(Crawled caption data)

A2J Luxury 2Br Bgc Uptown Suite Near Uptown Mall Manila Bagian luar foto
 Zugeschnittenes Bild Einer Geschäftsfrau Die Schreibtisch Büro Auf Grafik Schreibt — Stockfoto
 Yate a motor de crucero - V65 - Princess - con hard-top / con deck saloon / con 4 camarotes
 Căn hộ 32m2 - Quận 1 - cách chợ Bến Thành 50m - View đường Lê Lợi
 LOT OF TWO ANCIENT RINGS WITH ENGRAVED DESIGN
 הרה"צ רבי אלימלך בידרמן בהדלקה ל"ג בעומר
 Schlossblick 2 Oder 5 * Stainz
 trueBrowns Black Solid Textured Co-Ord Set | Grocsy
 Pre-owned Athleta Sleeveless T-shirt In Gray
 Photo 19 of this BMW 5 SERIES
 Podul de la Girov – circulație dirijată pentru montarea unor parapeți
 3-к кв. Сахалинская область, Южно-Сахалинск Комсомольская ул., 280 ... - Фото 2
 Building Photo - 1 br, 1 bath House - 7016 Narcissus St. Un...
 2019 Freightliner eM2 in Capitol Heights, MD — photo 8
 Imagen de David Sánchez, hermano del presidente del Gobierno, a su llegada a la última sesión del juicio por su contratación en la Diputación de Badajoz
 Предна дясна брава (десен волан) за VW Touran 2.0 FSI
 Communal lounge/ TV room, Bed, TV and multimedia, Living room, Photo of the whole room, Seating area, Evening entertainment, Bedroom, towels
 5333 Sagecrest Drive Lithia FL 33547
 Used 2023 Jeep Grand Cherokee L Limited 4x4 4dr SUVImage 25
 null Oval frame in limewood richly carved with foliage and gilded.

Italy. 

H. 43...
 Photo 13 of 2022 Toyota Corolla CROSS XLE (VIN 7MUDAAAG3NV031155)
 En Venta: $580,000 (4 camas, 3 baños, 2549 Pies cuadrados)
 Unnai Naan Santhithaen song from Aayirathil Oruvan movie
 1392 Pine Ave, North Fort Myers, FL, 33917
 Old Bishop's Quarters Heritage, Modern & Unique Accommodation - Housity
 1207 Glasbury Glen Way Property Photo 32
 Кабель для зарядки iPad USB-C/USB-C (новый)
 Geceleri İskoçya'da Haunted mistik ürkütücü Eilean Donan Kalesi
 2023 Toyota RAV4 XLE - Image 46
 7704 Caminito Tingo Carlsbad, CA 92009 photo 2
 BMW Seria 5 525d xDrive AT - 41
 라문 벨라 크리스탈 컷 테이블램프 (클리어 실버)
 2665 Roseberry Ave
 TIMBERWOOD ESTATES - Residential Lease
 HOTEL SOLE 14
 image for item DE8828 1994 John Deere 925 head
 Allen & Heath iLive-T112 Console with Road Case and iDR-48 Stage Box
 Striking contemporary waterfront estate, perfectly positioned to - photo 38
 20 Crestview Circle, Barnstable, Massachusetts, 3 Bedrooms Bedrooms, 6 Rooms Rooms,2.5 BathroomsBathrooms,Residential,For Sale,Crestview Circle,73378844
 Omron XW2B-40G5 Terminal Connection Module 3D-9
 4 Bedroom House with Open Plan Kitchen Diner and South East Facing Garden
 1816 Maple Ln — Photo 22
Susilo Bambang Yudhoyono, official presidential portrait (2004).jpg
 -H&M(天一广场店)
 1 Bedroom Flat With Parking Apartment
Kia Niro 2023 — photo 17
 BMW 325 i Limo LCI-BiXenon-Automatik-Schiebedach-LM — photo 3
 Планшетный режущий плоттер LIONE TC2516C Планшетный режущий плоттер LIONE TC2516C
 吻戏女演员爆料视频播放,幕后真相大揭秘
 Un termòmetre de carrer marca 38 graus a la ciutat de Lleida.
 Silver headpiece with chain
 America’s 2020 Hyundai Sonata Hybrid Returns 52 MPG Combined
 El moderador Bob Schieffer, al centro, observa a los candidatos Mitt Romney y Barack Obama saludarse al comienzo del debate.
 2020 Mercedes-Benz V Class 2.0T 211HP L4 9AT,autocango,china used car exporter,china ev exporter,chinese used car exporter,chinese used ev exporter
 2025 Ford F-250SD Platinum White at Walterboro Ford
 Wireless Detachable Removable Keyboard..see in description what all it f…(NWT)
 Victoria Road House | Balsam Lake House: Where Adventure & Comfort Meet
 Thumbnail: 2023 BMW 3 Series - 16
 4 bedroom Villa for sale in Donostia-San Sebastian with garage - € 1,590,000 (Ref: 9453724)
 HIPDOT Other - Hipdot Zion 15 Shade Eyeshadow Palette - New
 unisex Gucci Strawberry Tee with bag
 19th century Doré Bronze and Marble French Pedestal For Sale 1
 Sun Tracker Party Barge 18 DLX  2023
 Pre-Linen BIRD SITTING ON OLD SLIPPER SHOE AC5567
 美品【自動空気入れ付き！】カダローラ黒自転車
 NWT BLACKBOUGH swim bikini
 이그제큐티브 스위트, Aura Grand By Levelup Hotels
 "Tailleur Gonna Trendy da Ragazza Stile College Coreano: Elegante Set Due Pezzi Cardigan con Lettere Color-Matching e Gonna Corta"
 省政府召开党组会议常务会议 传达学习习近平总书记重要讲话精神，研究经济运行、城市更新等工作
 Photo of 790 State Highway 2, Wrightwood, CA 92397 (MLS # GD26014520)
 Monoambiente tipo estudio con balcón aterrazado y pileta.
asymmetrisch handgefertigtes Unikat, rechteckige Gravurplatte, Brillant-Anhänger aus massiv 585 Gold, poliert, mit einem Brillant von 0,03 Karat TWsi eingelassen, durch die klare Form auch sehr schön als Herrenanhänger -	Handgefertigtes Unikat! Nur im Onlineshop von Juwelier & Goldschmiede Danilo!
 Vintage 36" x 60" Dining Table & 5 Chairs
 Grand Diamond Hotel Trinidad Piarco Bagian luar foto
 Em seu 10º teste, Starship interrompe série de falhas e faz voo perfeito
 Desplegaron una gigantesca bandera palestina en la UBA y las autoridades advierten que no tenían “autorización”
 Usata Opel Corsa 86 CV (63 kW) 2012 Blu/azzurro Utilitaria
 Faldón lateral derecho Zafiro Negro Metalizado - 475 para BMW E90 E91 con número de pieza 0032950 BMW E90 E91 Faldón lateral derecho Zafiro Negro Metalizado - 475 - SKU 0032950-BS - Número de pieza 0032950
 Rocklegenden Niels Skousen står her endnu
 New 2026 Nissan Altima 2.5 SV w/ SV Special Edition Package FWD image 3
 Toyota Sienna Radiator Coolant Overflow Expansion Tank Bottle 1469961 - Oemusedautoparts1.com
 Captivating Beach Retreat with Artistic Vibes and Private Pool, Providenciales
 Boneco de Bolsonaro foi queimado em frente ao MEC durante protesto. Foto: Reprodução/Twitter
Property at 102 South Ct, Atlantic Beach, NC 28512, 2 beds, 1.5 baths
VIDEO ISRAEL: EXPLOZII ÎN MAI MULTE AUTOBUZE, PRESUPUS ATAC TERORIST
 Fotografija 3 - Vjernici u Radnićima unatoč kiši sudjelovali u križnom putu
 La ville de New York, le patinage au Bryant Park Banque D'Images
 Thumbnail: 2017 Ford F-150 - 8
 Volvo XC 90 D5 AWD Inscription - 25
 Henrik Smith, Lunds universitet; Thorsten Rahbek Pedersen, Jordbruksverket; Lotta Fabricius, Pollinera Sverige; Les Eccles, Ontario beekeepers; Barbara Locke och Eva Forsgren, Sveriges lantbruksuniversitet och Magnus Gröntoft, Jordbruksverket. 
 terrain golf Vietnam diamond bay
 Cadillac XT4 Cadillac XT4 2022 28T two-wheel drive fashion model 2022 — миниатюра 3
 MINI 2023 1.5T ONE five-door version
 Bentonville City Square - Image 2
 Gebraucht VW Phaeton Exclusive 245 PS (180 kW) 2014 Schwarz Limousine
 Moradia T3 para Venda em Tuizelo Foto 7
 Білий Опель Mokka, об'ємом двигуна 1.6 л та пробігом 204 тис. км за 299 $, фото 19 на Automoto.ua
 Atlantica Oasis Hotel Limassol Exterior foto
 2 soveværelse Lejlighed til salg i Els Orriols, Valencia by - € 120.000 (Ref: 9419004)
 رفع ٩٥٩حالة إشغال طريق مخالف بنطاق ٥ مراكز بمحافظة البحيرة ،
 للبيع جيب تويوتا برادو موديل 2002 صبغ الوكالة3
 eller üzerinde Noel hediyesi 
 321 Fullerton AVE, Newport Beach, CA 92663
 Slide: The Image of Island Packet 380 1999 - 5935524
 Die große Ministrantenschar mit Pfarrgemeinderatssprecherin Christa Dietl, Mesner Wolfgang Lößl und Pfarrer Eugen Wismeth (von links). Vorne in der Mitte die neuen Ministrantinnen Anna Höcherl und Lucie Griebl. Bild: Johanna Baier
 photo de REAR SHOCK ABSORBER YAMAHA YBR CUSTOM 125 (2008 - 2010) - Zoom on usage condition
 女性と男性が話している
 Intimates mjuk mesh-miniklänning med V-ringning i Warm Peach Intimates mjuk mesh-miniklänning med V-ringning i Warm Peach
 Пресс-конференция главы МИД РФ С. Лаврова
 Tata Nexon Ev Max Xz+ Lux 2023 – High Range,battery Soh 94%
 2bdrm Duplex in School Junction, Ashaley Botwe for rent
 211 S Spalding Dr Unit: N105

▶ _What you need to do_
Retype the records above exactly, from their first line through the line that contains "3-к кв. Сахалинская", and stop there.

▶ _Exercise output_
A2J Luxury 2Br Bgc Uptown Suite Near Uptown Mall Manila Bagian luar foto
 Zugeschnittenes Bild Einer Geschäftsfrau Die Schreibtisch Büro Auf Grafik Schreibt — Stockfoto
 Yate a motor de crucero - V65 - Princess - con hard-top / con deck saloon / con 4 camarotes
 Căn hộ 32m2 - Quận 1 - cách chợ Bến Thành 50m - View đường Lê Lợi
 LOT OF TWO ANCIENT RINGS WITH ENGRAVED DESIGN
 הרה"צ רבי אלימלך בידרמן בהדלקה ל"ג בעומר
 Schlossblick 2 Oder 5 * Stainz
 trueBrowns Black Solid Textured Co-Ord Set | Grocsy
 Pre-owned Athleta Sleeveless T-shirt In Gray
 Photo 19 of this BMW 5 SERIES
 Podul de la Girov – circulație dirijată pentru montarea unor parapeți
 3-к кв. Сахалинская область, Южно-Сахалинск Комсомольская ул., 280 ... - Фото 2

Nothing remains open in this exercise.